Well, I'm doing one for Lester Maddox. In fact, I DID write his name in for Chief Justice of The Georgia Supreme Court last time. He didn't make it.

------------------


"Come see me now, heah?"

----------


## shanbaum

Well, this is kinda neat - we'll be able to look back in November and see who made the most accurate prediction.

Hmm... this is a bit like "The Price is Right", isn't it?

I'm going to take a contrarian stance - Gore 52%, Bush 48%.

I'd better say no more, or Bob R. will be loading up the pickup with his entire arsenal and heading for Connecticut.

----------


## Steve Machol

Well, the only thing I'd change from my original prediction is that I'd put Ralph Nader ahead of Pat Buchanan.  Nader's campaign seems to be picking up steam and enthusiasm in the West, while Buchanan is floundering.  In fact, California has just kicked Mr. B. off the ballot!

------------------
 
OptiBoard Administrator

----------


## Pete Hanlin

> <FONT COLOR=#FF0000>"In fact, California has just kicked Mr. B. off the ballot!</FONT>


That's too bad, Steve...  Now you'll have to write him in!  Heh, heh- actually, I'm looking forward to the difference a third party candidate might make this election!  

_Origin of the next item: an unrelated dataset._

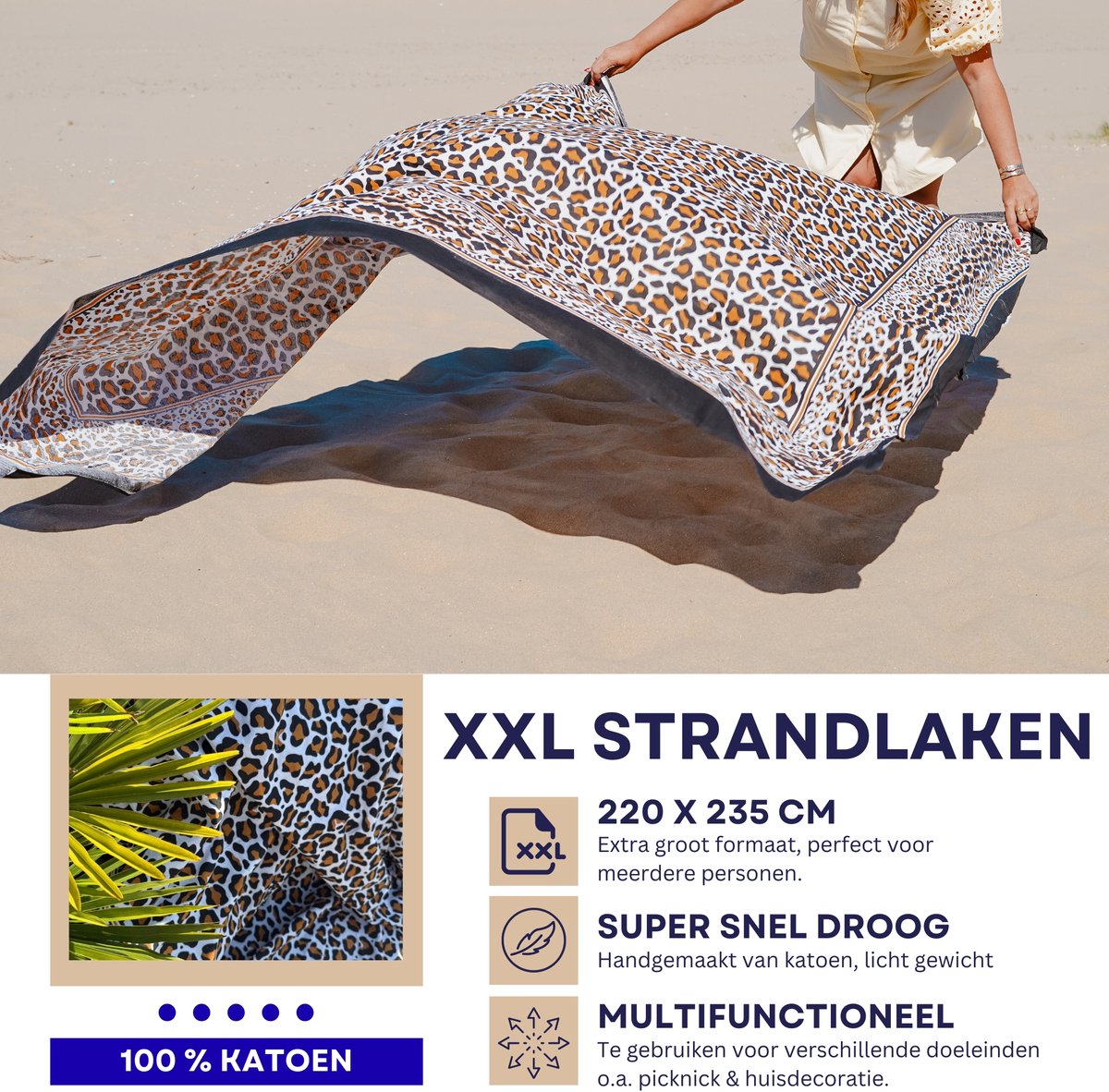 Bohemida XXL Strandlaken 220 x 235 - Extra groot vakantie Strandkleed - Picknick Kleed- Lichtgewicht 100% Duurzaam Katoen-Extra groot vakantie Strandlaken- Leopard Panter - (Zwart Bruin & Wit) Bohemida - Boho Ibiza Mandala - Sneldrogend kleed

Go Nader...  I think he might actually get about 7-8% of the vote.  The beautiful part is he gives those Dems who are still not cozy with Gore somewhere to go.  For the Republicans, its their turn to chant "Fredricksburg, Fredricksburg, Fredricksburg..." (any former history majors wanna explain the historical significance of that statement?).

GOP~ete
PS- BTW, you can forget everything I said about the press being "somewhat fair" this time around.  Looks like Algore is going to get the usual support from the national networks.

Pete

----------


## mikeh

I've been having a chuckle over the flap concerning GW's stage aside about the guy from the NY Times being an "a------." If GW had said something nice about him he probably would have been fired. It wouldn't be fit for the liberal voice of the left to have a Republican say anything good about one of their people. As it is, he'll probably get a big raise.

----------


## EYERX

I STILL SAY HOWARD STERN IS A SHOE IN!!!!!!!!!!!!!

----------


## Carol D

Whenever my husband and I head out to the firing range with our 8year old daughter, 2 handguns and her BB rifle, we take the opportunity to discuss with her the importance of rights, responsibilities, politics, and civic duty. Every night when we gather for our bedtime prayers, we add " GOD bless George Bush and protect our 2nd Amendment."
There's no doubt GW will carry here in Texas. I hope the rest of your prediction holds true.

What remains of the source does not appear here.